→ Data:
"""
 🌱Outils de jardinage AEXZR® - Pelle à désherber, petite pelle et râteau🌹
"""
"""
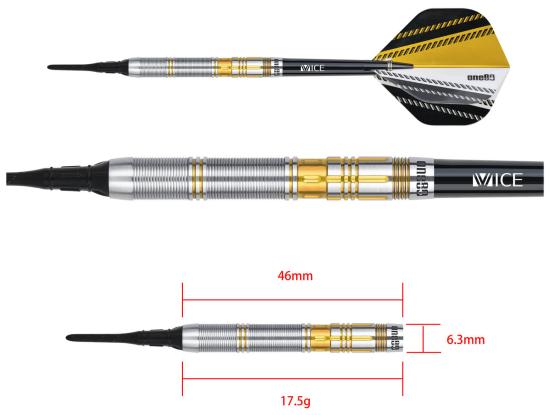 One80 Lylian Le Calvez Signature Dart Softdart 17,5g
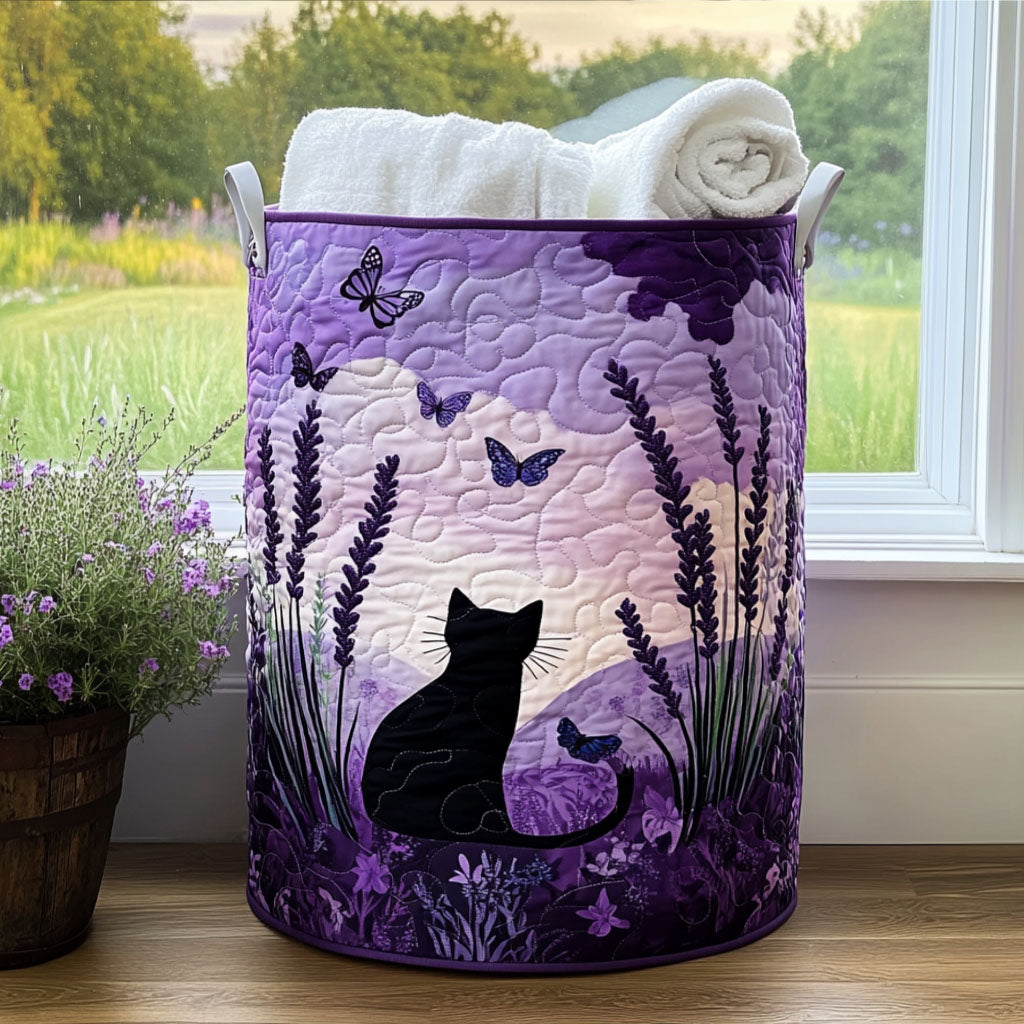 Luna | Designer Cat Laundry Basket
"""
→ Work instructions: Beginning at the line above that contains "One80 Lylian Le", repeat each line exactly through the one that contains "Luna | Designer Cat Laundry Basket", and leave out the pictures.

→ Answer box:
 One80 Lylian Le Calvez Signature Dart Softdart 17,5g
 Luna | Designer Cat Laundry Basket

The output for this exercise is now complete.